* Supplied material *

§

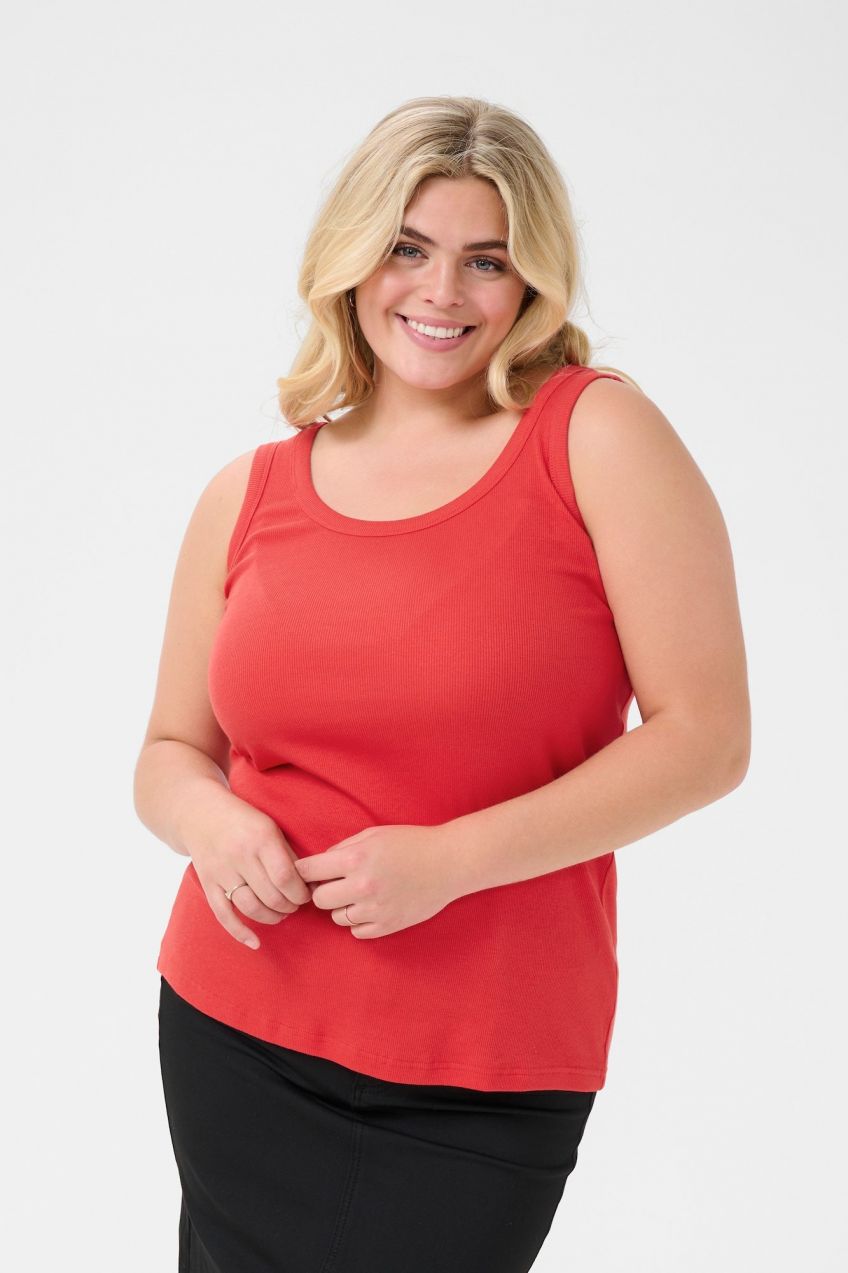 KAFFE CURVE Top 'KCCarina'  červená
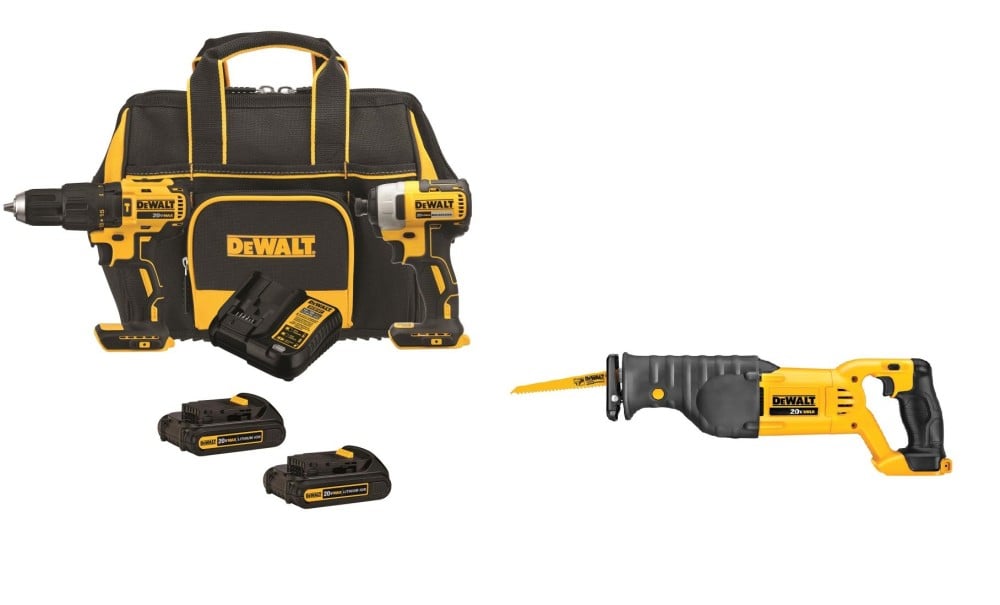 DEWALT 20V 3 Tool Combo Kit Brushless Bundle DCKSS276C2BB-DCS380B from DEWALT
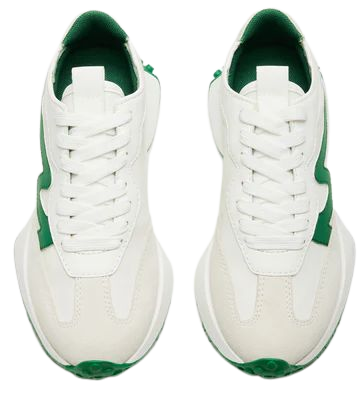CAMPO White/Green Lace-Up Sneaker | Women's Sneakers – Steve Madden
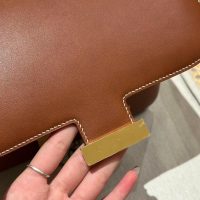 Box leather Her^^m costance 24cm convertible crossbody shoulder flap messenger case camera bag - 图片 7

§

Repeat the whole of the material above exactly, but keep the pictures out.

 KAFFE CURVE Top 'KCCarina'  červená
 DEWALT 20V 3 Tool Combo Kit Brushless Bundle DCKSS276C2BB-DCS380B from DEWALT
CAMPO White/Green Lace-Up Sneaker | Women's Sneakers – Steve Madden
 Box leather Her^^m costance 24cm convertible crossbody shoulder flap messenger case camera bag - 图片 7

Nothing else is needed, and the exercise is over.